Stored entries:
——————————
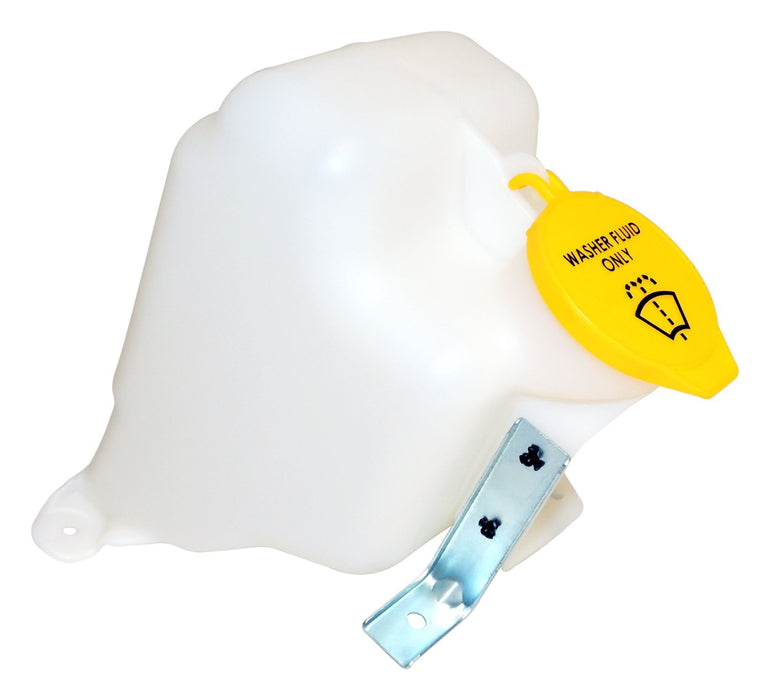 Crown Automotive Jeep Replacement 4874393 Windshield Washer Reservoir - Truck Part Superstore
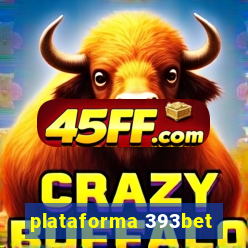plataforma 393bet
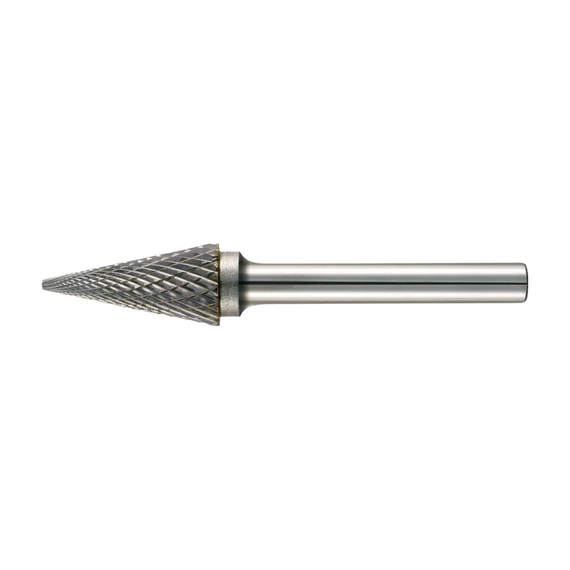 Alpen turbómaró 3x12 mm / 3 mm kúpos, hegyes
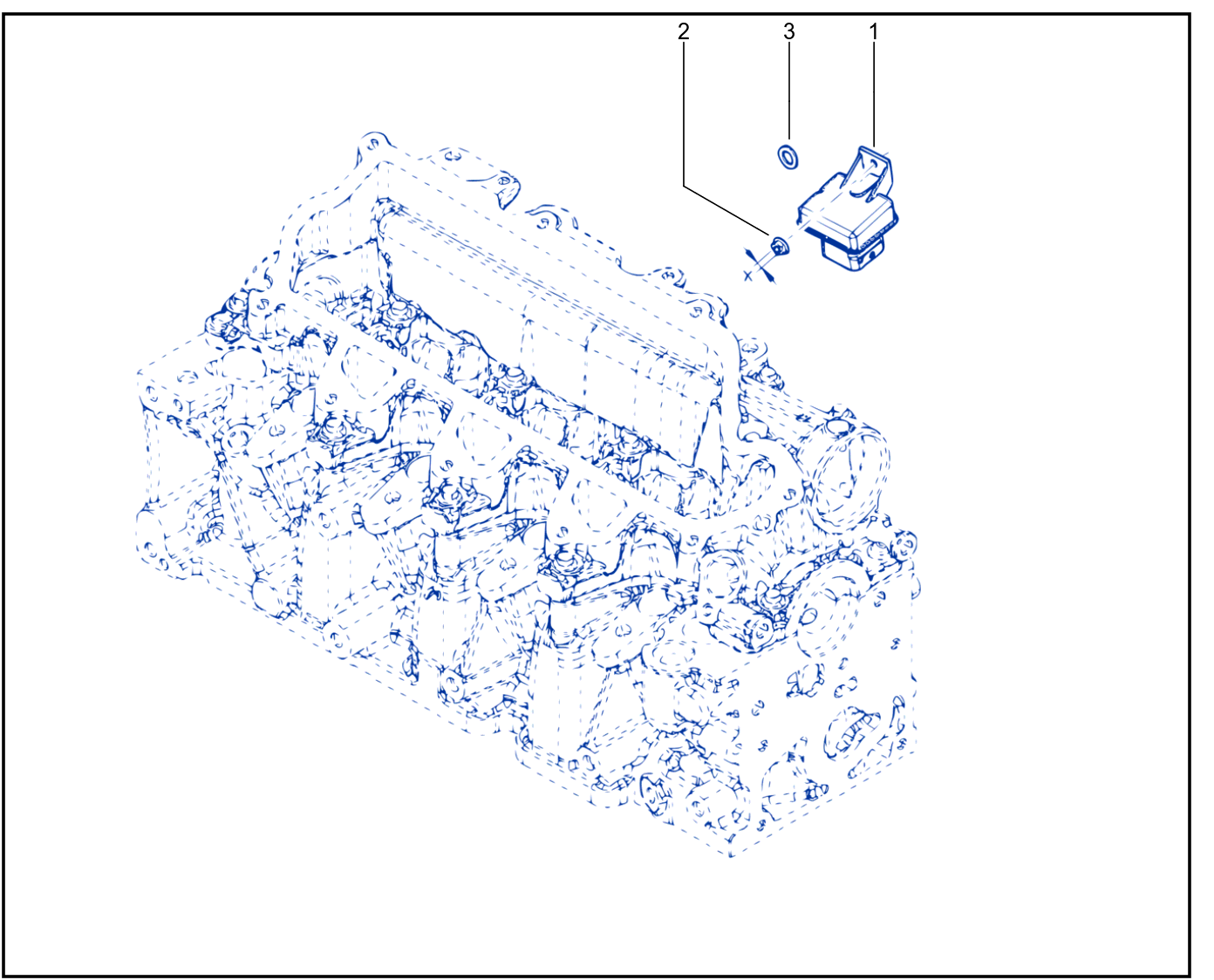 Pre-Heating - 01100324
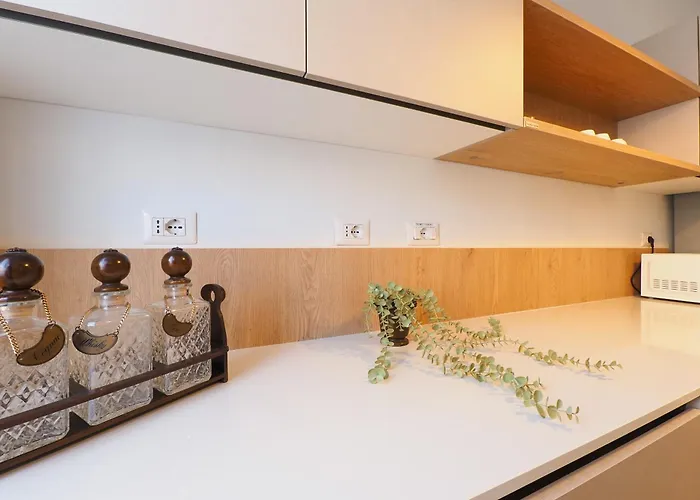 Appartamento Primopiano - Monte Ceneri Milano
——————————
**WORK ORDER:** The output should consist of every entry above, printed exactly, with the images removed.

**RESPONSE TO THE TASK:**
 Crown Automotive Jeep Replacement 4874393 Windshield Washer Reservoir - Truck Part Superstore
plataforma 393bet
 Alpen turbómaró 3x12 mm / 3 mm kúpos, hegyes
 Pre-Heating - 01100324
 Appartamento Primopiano - Monte Ceneri Milano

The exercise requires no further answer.